NEVADA – After losing its liquor license, a downtown business is fighting back. They say the city of Reno is unfairly going after them.
The owner of Wrightway Market, Ophinder Dhillon, says that the city’s decision is a gut punch to his way of making a living.
His family thinks that they will lose about $1,500 a month in income without a liquor license and more empty store shelves.
The owner’s son, Sim Dhillon, said, “It’s clear that sales have dropped a lot.”
The fact that Wrightway Market’s liquor license won’t be renewed is part of a bigger plan to stop the high number of crimes that happen on Evans Avenue between Fourth Street and the baseball stadium.
In 2021, there were more than 700 calls for help to the Reno Police Department, and the City of Reno has had enough.
At a recent council meeting, the city’s frustrations were summed up by Deputy Police Chief Oliver Miller:
Miller told the Council that bad people know where they are welcome. “And Wrightway Market is happy to have them.”
But the Dhillon family says they are not to blame for all the problems on this block.
For example, Ophinder Dhillon shot a video on his cell phone of Reno police responding to a fight late at night, across the street from the market. Dhillon says it has nothing to do with his business or his customers, but that doesn’t matter.

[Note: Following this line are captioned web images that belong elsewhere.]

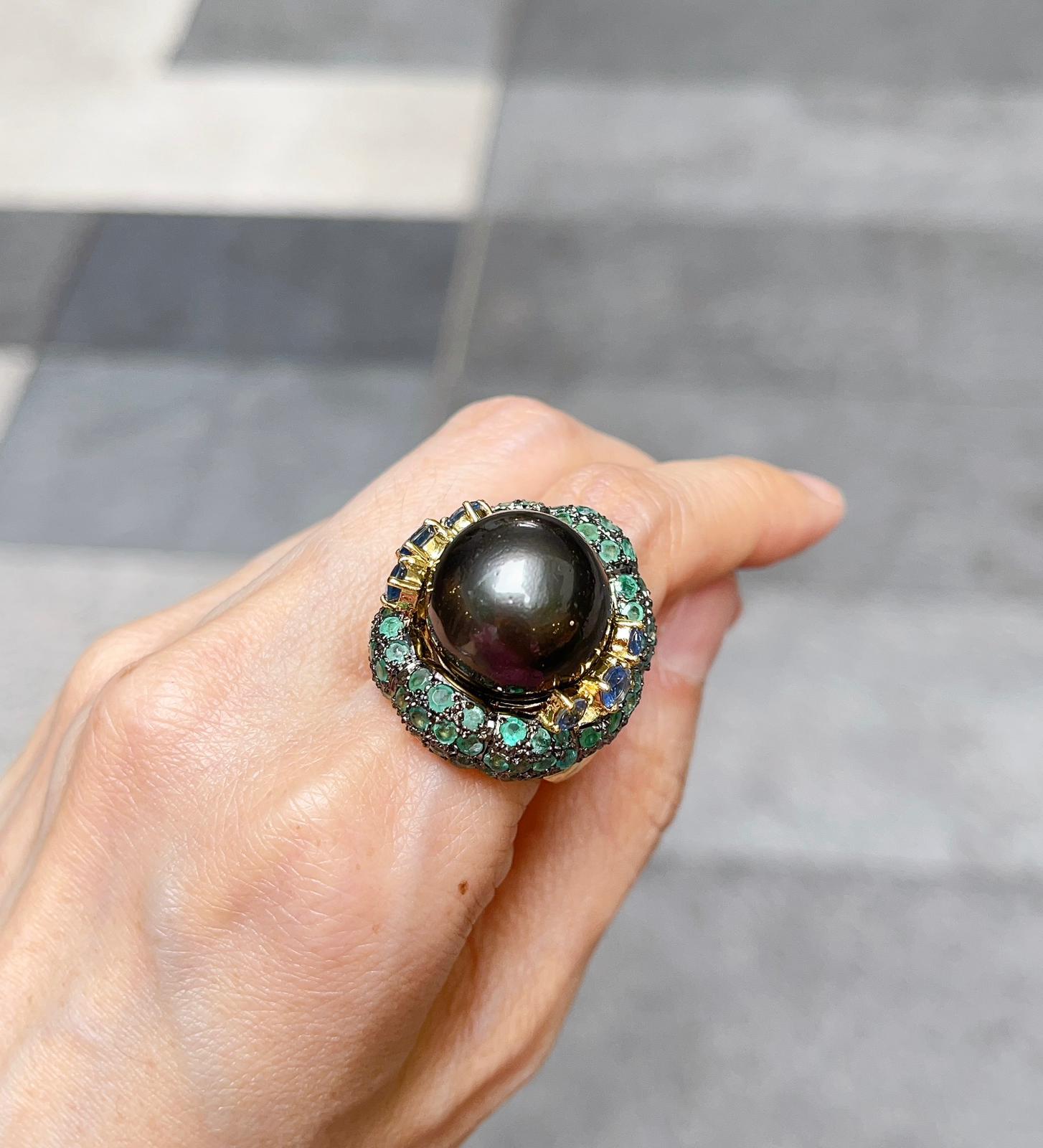 Bochic “Capri” Black Pearl & Emerald / Sapphire Cocktail Ring Set in 22k Gold 5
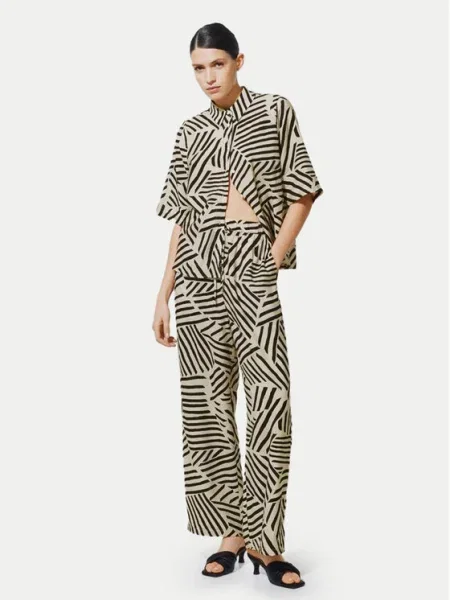 Vila Pantaloni din Sasja bej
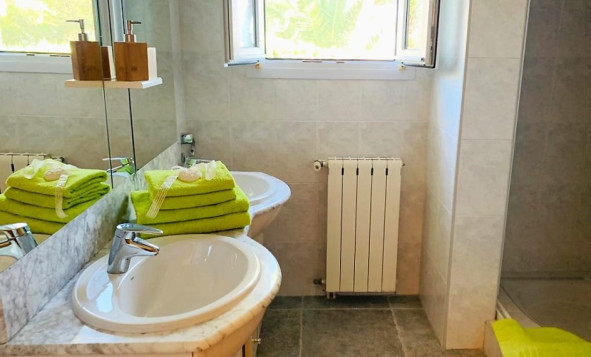 Herverkoop - 3. Halfvrijstaand huis - Jávea - Costa Blanca Noord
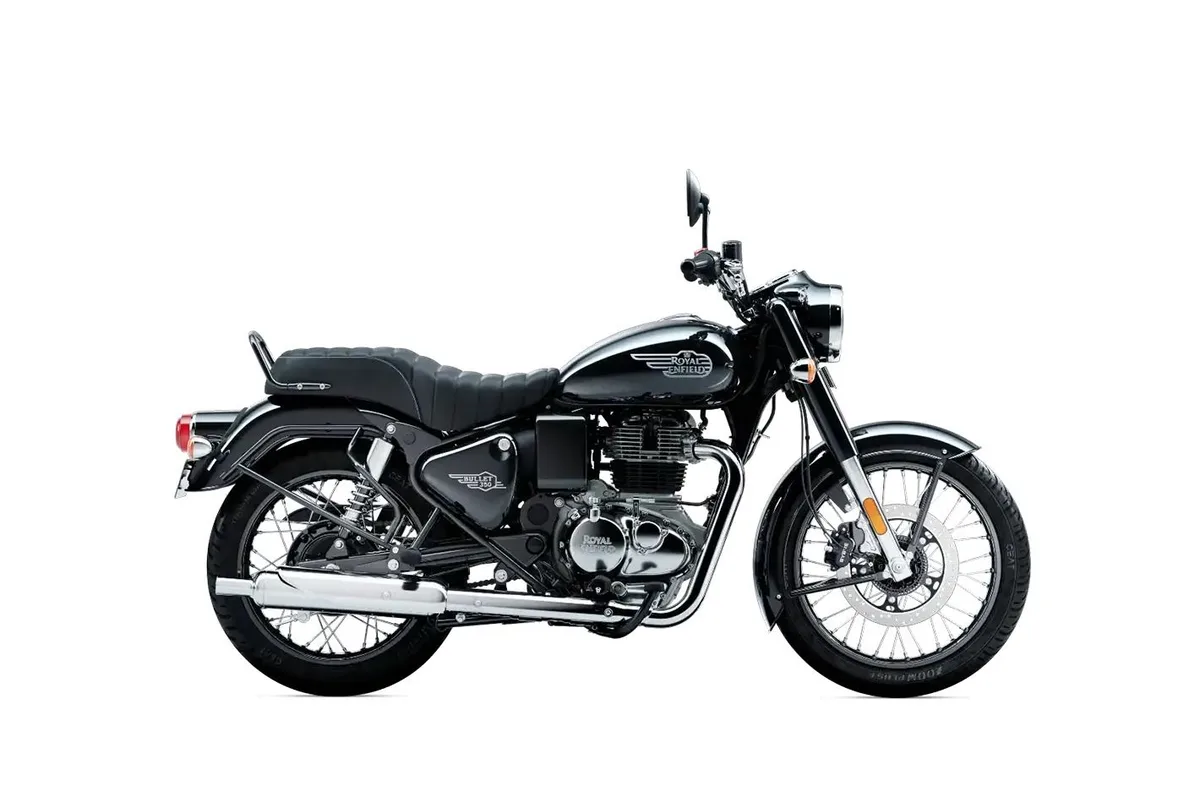 Royal Enfield Bullet 350 side view in Military Black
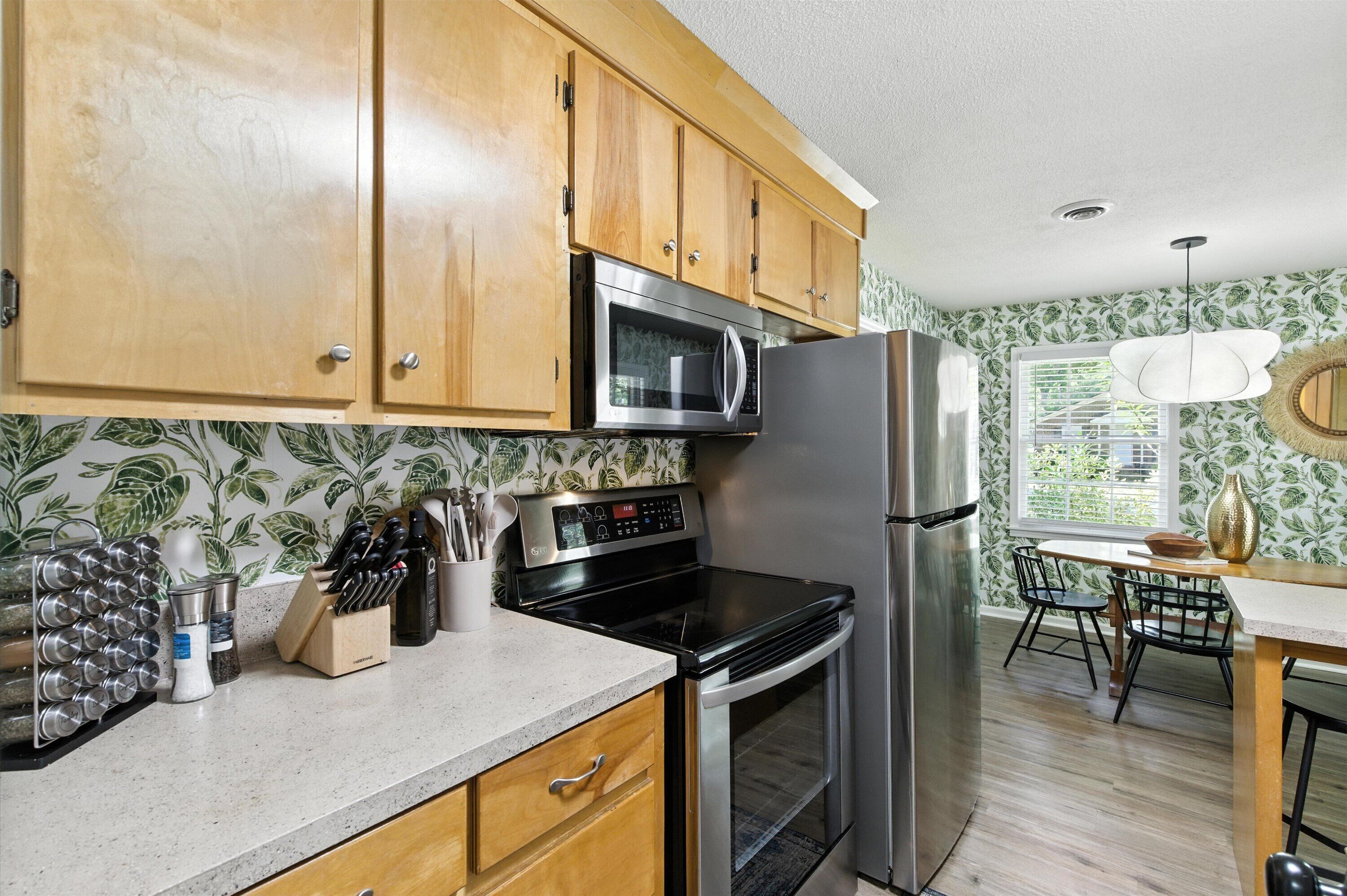 Frigorífico, microondas, horno y placa de cocina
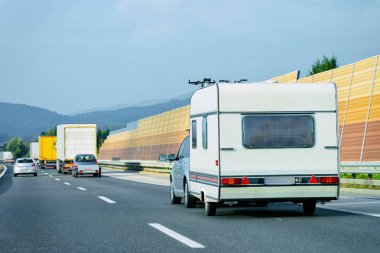 Slovenya'da otoban yolunda Camper rv.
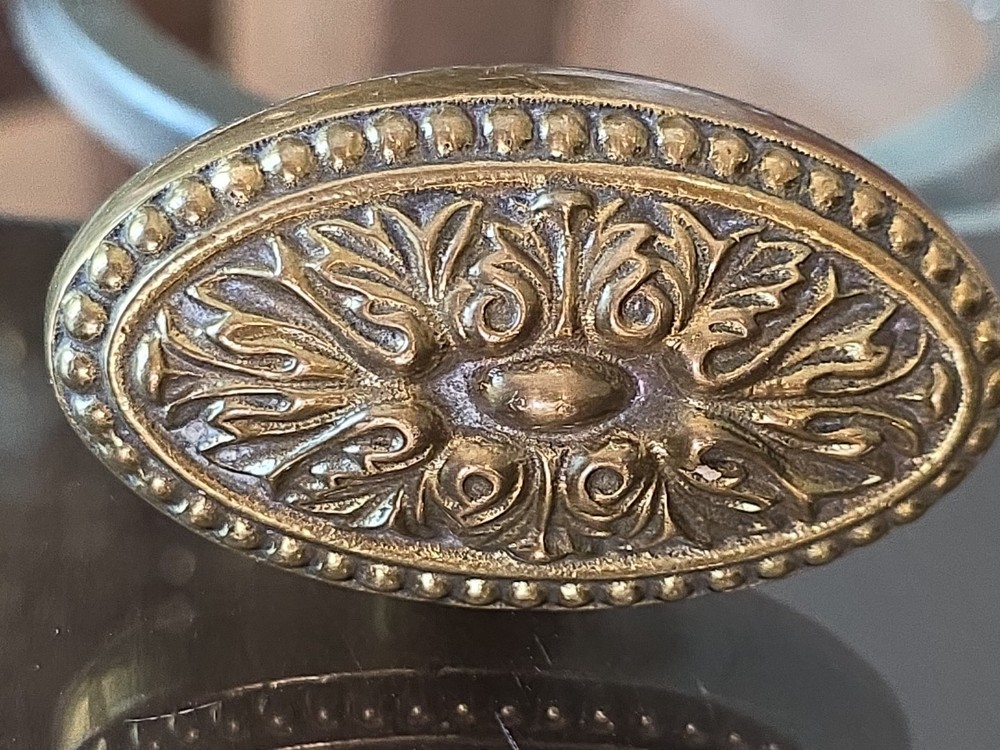 ANTIQUE AUTHENTIC RARE VICTORIAN SOLID BRASS FANCY CAST OVAL BRASS KNOB PULL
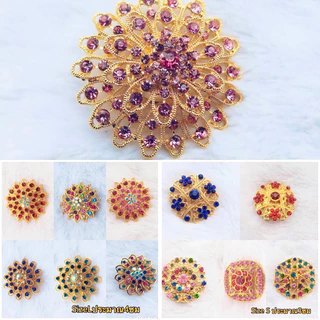 เข็มกลัดสีทองเพชรสีสวยๆ หลายขนาดอเนกประสงค์ ใช้ประดับเสื้อชุดไทย ชุดราตรี และชุดออกงาน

“They called 911-1 from Wrightway Market and said they were calling from there, so this is a perfect example.”
We are getting blamed for somebody else’s problems.”
Chase McMullen’s family has owned the Wrightway building for more than ten years. He wants to know who is in charge of all those calls for help.
He said, “Those calls were made outside the building, on the sidewalks, about things that happened outside the business.” “They don’t come from within the company.”
Jenny Brekhus, a member of the Reno City Council, also asked who is to blame for the problems on that block.
“Is that their problem, or is it a problem with the downtown population that we can see at their place?” Brekhus asked.
Since the case is on appeal, it will be up to a judge to decide how far a business needs to go to be a good neighbor and keep a good reputation.
The Dhillons say that all they want to do is take care of their customers. The same way they have for years.
“This is basically how we make a living,” said Sim Dhillon. “You know, this is where our dad raised us.”
Since the city of Reno is appealing the decision, no one would go on camera for this story. Wrightway Market and Lakemill Maxi Mart have both filed appeals after their liquor licenses were taken away.
A judge will hear these appeals, but no date has been set yet.